The basic principle of coloured compounds is that there is some kind of electronic transition whose energy difference corresponds to a photon whose wavelength is in the visible region ($\pu{400nm}<\lambda<\pu{700nm}$). Thus, to determine the colour of a compound we should always be looking at the molecular orbital scheme; for reference, I have attached the MO scheme of a typical octahedral $\ce{[ML6]^n+}$ compound in figure 1.

octahedral
Figure 1: Octahedral $\ce{[ML6]}$ complex with no π interactions. Image copied from this answer and originally taken from Professor Klüfers’ internet scriptum to his coordination chemistry course.

The most common electronic transition corresponding to visible wavelengths is the transition between $\mathrm{t_{2g}}$ and $\mathrm{e_g^*}$, marked with $\pu{10Dq}$ in figure 1. In simple terms, these five orbitals correspond to the central metal’s $\mathrm{d}$ orbitals meaning that the metal’s electronic configuration plus the strength of the $\ce{L\bond{->}M}$ interaction will determine the colour.

The problem with attempting to predict colours ab initio is that you cannot really predict the difference in energy levels between the ligand orbitals (right-hand side) and metal orbitals (left hand side) — it is mostly the metal and its oxidation state that determines this, a higher oxidation state corresponding to lower-lying metal orbitals, therefore a greater value of $\pu{10Dq}$ and therefore a blue-shift in colour.

However, there are still a few shortcuts that you can use assuming you have memorised the ‘general colour’ of a certain metal in a certain oxidation state.
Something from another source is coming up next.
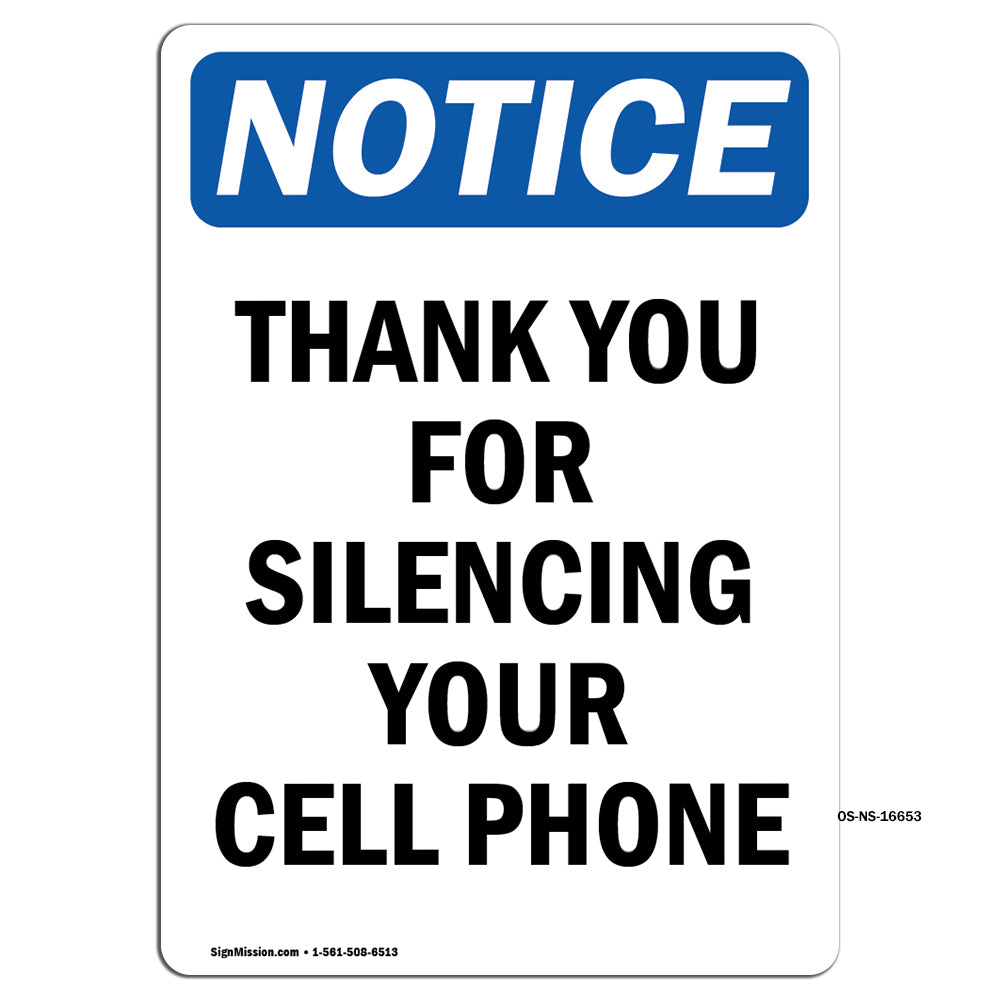 NOTICE Thank You For Silencing Cell Phone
For example, you may consider stronger and weaker field ligands. When going from a slightly weaker ligand to a slightly stronger ligand — e.g. going from $\ce{[Cu(H2O)6]^2+}$ to $\ce{[Cu(NH3)4(H2O)2]^2+}$ — $\pu{10Dq}$ is predicted to increase and thus the absorbed wavelength predicted to decrease.

Unfortunately, the generality of this scheme is strongly limited. It fails as soon as:

  • the complex transitions from a high-spin state to a low-spin state (e.g. $\ce{[Fe(H2O)6]^3+}$ to $\ce{[Fe(CN)6]^3-}$)
  • the geometry of the complex changes from (distorted) octahedral to something else like tetrahedral (e.g. $\ce{[Co(H2O)6]^3+}$ to $\ce{[CoCl4]-}$).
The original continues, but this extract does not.